**Goal of the exercise:** The line containing "Used 2025 Nissan Rogue SV FWD image 14" marks the start. Restate it and every following line through the end of the records exactly, and nothing else, leaving out the pictures.

[Short text fragments from websites]
§ §

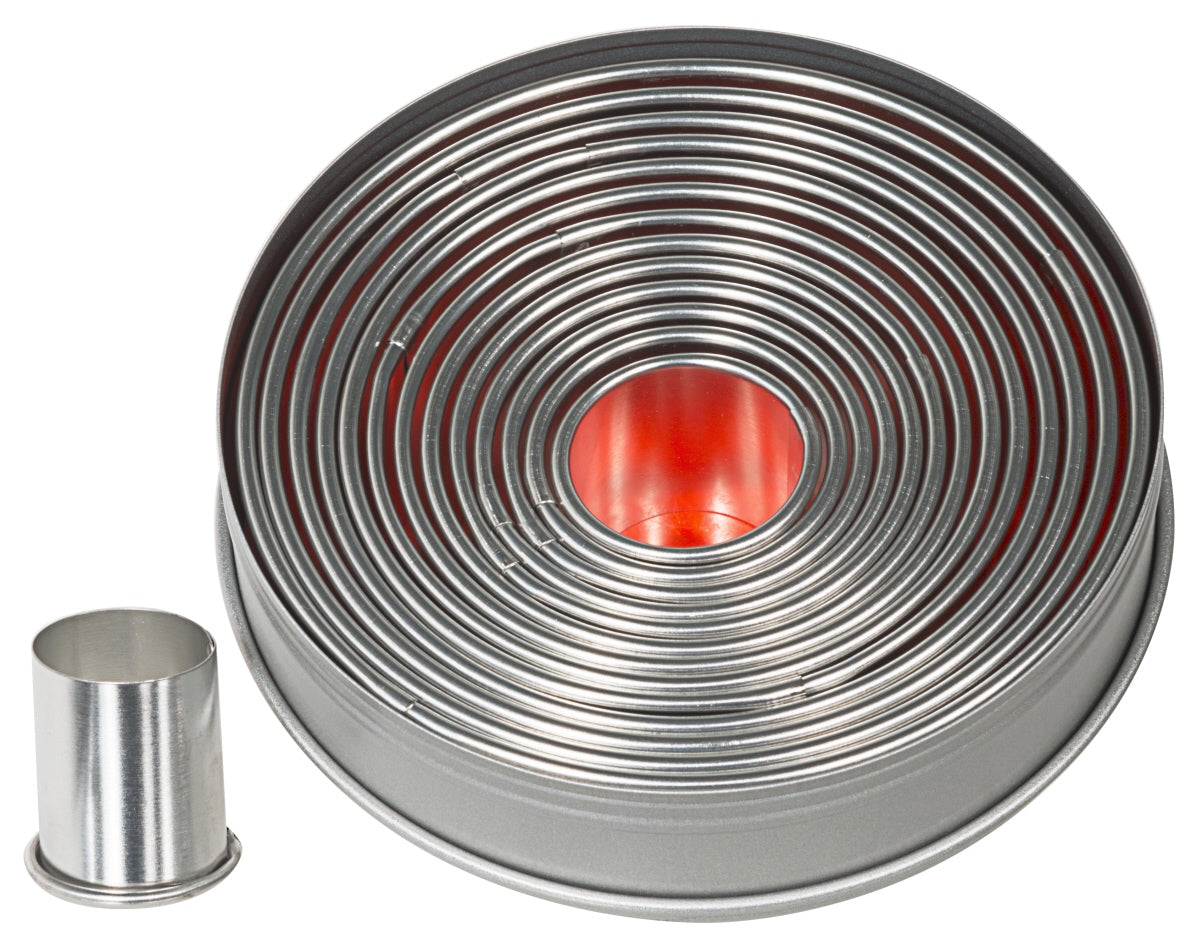 Runde Ausstechformen aus Metall.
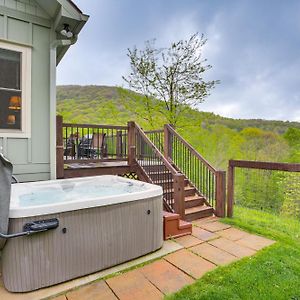 Pet-Friendly Boone Cabin With Mtn Views And Hot Tub!ヴィラ Exterior photo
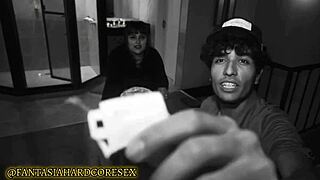 Juego De Cartas Picantes Con Mi Mejor Amiga Se Sale De Control Y La Pongo A Mamar Mi Verga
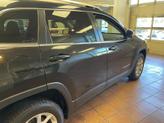 Thumbnail of 2017 Diamond Black Crystal Pearlcoat Jeep Cherokee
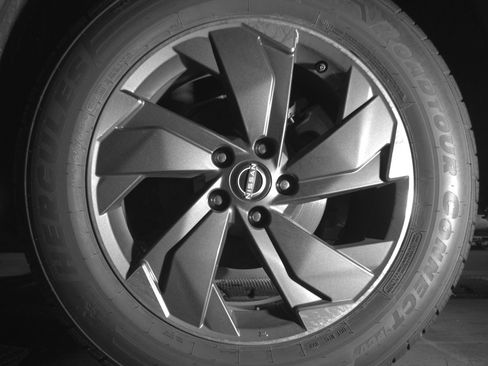 Used 2025 Nissan Rogue SV FWD image 14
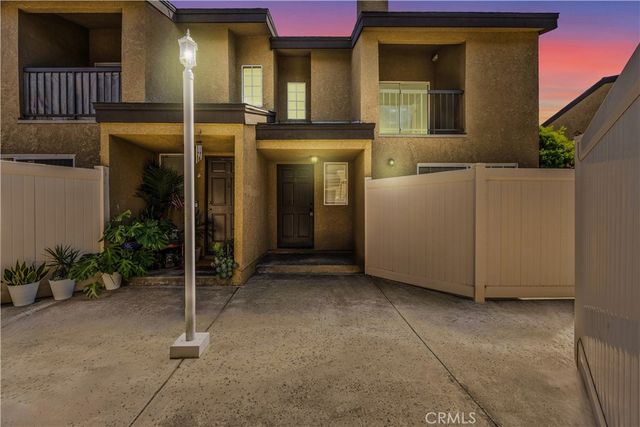 1126 W 228th 16, Torrance, CA 90502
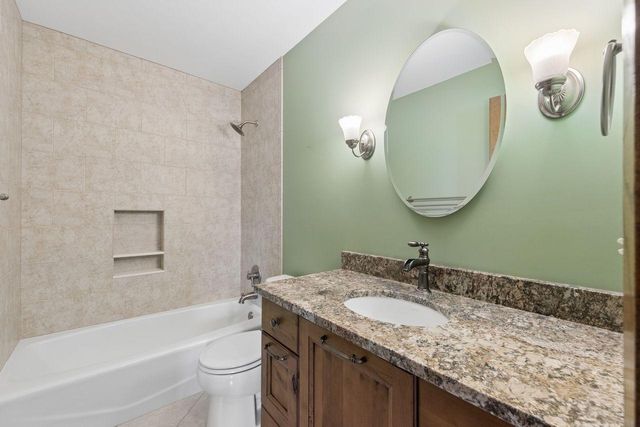 4363 Bramblewood Avenue, Vadnais Heights, MN 55127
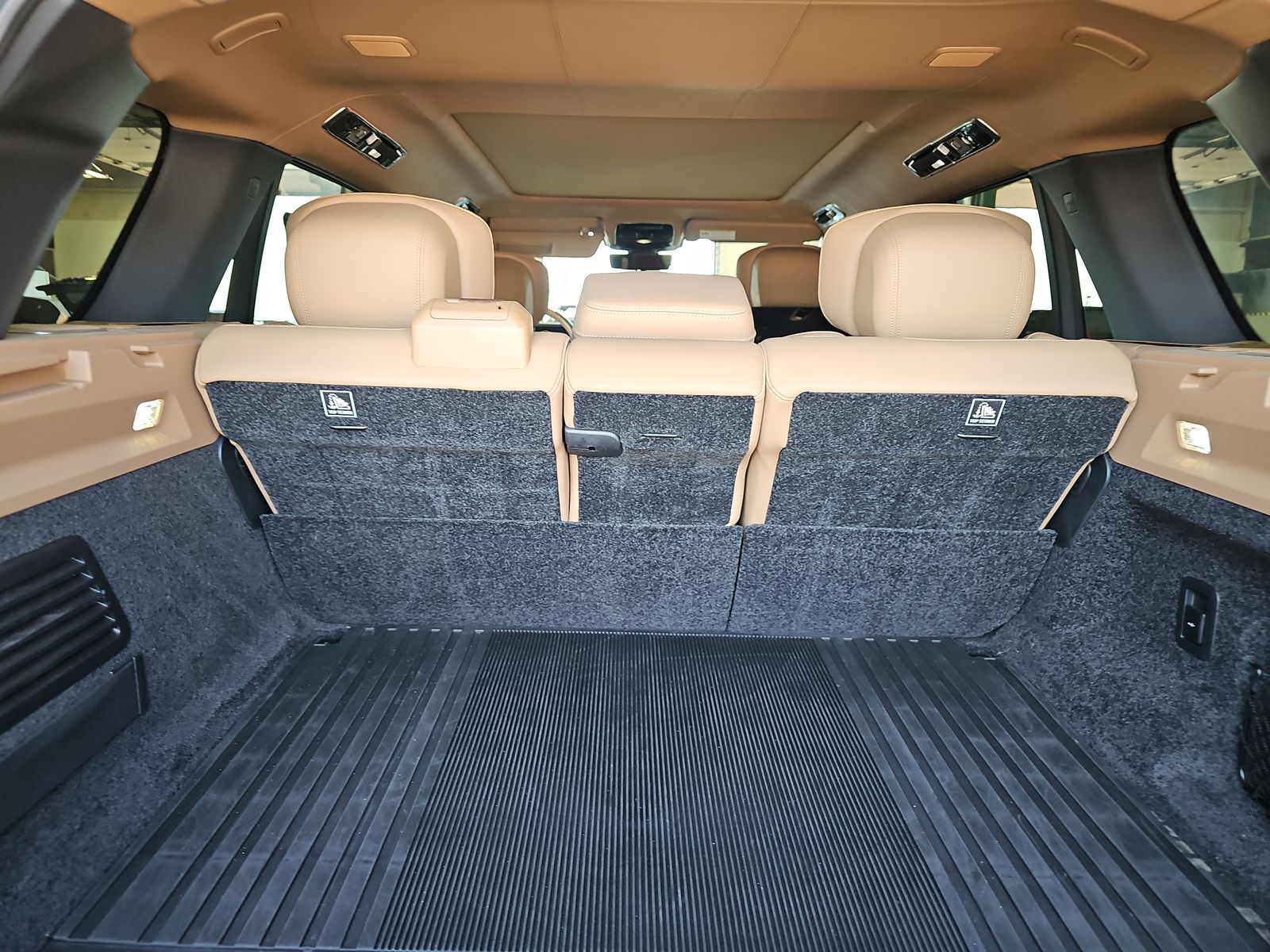 2025 Land Rover Range Rover Autobiography LWB AWD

§ §

**Task output:**
 Used 2025 Nissan Rogue SV FWD image 14
 1126 W 228th 16, Torrance, CA 90502
 4363 Bramblewood Avenue, Vadnais Heights, MN 55127
 2025 Land Rover Range Rover Autobiography LWB AWD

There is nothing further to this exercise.